▶ **Task details**: Use the entries below and reproduce exactly the lines from the one containing "Štandard-SZM DAF XG+" down to the one containing "Külmutiga veoauto RENAULT D 210", both of them included.

▶ **Data in this exercise**:

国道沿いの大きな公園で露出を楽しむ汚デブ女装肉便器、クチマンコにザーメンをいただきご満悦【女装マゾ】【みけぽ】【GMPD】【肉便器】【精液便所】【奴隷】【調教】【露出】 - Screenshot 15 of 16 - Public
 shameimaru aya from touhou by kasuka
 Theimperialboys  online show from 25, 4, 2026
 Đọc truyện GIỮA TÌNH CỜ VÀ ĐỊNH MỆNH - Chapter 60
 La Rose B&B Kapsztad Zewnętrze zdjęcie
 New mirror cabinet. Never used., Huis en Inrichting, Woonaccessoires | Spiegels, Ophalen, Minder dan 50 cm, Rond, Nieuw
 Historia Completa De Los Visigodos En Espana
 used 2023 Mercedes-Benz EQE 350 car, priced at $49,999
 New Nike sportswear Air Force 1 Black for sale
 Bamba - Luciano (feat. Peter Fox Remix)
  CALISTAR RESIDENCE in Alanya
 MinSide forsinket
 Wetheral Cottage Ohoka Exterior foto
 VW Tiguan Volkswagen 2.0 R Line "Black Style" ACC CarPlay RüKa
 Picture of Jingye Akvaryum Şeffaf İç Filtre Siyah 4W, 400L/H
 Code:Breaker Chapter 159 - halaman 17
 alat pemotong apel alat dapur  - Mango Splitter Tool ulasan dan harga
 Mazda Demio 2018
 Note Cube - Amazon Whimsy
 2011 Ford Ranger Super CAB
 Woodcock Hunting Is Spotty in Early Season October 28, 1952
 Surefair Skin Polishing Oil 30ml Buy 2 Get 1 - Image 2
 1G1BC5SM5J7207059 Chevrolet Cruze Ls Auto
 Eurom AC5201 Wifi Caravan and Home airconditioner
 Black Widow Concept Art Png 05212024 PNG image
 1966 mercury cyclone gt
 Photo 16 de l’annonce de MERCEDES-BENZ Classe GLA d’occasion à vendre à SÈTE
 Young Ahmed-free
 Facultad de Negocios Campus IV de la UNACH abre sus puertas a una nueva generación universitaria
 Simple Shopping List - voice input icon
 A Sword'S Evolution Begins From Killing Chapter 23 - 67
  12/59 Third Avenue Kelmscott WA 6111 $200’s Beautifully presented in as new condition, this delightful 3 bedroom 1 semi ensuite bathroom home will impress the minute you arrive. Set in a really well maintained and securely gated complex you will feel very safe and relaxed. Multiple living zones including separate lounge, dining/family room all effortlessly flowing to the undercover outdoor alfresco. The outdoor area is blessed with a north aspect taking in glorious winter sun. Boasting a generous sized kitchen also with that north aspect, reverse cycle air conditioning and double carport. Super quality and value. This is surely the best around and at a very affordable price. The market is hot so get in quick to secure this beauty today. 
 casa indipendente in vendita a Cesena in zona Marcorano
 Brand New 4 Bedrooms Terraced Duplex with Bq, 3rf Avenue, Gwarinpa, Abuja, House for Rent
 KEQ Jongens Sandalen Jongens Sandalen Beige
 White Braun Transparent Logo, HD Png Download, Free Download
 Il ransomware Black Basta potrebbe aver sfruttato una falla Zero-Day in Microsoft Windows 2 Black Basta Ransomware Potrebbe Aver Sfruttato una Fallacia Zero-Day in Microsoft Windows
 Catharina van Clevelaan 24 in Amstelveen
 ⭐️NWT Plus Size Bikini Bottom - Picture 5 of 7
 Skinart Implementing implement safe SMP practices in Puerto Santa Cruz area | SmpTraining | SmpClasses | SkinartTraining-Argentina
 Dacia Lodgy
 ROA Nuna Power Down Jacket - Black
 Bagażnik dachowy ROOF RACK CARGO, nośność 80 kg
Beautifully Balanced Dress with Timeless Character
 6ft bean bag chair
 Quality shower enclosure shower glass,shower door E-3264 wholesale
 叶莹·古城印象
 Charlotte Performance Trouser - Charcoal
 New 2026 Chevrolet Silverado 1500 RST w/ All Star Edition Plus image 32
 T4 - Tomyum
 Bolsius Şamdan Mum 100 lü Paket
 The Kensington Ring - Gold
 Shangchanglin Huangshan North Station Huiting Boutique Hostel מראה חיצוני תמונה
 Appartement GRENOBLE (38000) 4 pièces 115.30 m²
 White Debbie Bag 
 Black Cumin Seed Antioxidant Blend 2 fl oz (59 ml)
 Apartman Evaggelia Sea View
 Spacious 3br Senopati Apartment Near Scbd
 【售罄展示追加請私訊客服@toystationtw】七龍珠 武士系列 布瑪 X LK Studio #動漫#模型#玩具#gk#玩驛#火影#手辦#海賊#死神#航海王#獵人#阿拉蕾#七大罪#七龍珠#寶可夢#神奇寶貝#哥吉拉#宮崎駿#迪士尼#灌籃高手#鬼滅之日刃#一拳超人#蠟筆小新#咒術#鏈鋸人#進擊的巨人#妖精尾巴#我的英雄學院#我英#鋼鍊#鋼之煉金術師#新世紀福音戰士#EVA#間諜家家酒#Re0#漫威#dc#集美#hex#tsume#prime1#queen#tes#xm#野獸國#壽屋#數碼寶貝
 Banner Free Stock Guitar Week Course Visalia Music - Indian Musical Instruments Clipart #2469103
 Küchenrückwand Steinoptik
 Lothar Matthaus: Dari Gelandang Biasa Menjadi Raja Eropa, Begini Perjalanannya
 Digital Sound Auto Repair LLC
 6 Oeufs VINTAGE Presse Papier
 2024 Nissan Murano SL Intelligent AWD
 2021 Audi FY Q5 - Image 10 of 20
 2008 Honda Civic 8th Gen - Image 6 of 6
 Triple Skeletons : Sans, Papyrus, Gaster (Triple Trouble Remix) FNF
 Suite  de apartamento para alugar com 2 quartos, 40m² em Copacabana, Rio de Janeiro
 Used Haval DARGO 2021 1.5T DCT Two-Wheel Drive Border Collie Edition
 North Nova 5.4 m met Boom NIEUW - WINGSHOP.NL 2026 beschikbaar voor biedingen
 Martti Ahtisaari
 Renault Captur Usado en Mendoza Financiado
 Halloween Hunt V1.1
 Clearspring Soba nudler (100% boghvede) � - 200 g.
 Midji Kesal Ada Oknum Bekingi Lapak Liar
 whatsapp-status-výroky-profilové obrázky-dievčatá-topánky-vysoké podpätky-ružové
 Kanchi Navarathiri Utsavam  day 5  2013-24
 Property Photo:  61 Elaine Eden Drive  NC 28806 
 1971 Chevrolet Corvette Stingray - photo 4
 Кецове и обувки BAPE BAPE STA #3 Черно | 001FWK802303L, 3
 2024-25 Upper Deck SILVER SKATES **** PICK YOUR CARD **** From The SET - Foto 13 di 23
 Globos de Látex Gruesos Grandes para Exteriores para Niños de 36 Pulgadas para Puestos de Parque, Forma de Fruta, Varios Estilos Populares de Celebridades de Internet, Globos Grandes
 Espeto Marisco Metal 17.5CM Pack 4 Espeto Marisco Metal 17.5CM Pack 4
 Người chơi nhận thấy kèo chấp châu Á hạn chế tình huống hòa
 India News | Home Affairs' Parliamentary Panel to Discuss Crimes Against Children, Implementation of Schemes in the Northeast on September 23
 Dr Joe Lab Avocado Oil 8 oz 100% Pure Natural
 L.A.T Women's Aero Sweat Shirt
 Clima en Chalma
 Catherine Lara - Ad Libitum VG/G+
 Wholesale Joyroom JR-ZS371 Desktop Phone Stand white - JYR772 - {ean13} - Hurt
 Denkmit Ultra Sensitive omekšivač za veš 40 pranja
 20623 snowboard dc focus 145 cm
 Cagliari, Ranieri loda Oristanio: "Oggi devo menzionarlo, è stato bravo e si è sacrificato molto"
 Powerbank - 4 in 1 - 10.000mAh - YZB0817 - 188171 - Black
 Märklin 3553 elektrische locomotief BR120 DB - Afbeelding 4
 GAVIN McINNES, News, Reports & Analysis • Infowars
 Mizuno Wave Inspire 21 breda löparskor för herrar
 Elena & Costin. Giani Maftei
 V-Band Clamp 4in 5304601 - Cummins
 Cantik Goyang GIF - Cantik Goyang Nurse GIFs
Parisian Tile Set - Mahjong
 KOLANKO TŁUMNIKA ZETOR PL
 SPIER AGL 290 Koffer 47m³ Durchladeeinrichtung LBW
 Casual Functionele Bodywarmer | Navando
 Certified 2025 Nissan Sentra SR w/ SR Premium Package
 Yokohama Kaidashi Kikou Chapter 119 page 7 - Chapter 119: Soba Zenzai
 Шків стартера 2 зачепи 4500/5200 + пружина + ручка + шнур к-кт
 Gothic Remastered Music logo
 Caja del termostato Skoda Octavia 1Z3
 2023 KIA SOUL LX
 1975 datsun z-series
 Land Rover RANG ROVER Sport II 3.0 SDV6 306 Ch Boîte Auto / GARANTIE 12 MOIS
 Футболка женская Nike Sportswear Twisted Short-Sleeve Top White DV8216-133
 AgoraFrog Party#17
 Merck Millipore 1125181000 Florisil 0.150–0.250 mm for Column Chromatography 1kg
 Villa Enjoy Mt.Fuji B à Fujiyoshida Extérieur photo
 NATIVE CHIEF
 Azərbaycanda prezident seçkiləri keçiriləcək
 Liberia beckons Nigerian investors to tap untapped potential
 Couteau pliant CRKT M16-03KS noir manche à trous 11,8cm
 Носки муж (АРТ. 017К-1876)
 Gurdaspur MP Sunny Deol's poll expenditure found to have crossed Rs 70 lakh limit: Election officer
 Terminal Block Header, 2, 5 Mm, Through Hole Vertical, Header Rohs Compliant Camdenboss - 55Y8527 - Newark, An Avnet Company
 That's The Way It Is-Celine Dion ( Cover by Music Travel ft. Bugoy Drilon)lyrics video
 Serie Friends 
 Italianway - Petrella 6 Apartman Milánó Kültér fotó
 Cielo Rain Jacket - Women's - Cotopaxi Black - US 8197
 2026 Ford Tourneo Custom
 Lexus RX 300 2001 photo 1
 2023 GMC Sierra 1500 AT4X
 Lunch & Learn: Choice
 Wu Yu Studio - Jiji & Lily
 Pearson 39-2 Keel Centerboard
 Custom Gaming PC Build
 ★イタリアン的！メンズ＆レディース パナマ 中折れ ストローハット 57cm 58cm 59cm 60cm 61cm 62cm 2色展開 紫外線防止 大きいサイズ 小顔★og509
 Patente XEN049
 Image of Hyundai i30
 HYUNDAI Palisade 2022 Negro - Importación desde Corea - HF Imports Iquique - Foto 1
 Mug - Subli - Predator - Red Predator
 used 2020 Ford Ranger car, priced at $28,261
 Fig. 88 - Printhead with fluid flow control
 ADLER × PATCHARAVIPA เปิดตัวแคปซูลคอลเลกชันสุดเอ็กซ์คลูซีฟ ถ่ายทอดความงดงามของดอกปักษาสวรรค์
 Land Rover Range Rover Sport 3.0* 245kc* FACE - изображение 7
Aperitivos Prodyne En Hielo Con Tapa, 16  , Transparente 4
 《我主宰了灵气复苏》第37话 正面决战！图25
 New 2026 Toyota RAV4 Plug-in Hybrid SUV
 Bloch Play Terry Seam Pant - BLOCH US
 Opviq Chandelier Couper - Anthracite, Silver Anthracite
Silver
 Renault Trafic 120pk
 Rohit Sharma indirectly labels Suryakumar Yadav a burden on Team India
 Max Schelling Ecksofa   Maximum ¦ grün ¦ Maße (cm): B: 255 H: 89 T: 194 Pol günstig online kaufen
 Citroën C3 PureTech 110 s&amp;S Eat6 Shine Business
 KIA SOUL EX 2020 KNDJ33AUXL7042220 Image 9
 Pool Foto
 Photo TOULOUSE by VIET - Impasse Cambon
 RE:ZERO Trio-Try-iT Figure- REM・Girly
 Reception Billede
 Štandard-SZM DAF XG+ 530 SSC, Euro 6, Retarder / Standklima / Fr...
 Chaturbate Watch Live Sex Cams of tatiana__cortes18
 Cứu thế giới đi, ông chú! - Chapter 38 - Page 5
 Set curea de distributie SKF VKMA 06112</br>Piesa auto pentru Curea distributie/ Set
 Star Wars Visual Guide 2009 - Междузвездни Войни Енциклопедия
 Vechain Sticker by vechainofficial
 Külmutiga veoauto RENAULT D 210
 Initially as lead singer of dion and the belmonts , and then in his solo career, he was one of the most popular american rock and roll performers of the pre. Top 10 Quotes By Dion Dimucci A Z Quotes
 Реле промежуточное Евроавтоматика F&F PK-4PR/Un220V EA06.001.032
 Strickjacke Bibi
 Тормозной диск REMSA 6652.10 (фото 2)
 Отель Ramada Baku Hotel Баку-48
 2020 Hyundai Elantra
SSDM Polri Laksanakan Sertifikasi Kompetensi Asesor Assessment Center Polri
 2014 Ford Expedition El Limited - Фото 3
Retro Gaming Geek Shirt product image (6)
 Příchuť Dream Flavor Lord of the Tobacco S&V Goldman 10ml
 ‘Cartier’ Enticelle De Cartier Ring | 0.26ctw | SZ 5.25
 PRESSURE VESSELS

▶ **Your response**:
 Štandard-SZM DAF XG+ 530 SSC, Euro 6, Retarder / Standklima / Fr...
 Chaturbate Watch Live Sex Cams of tatiana__cortes18
 Cứu thế giới đi, ông chú! - Chapter 38 - Page 5
 Set curea de distributie SKF VKMA 06112</br>Piesa auto pentru Curea distributie/ Set
 Star Wars Visual Guide 2009 - Междузвездни Войни Енциклопедия
 Vechain Sticker by vechainofficial
 Külmutiga veoauto RENAULT D 210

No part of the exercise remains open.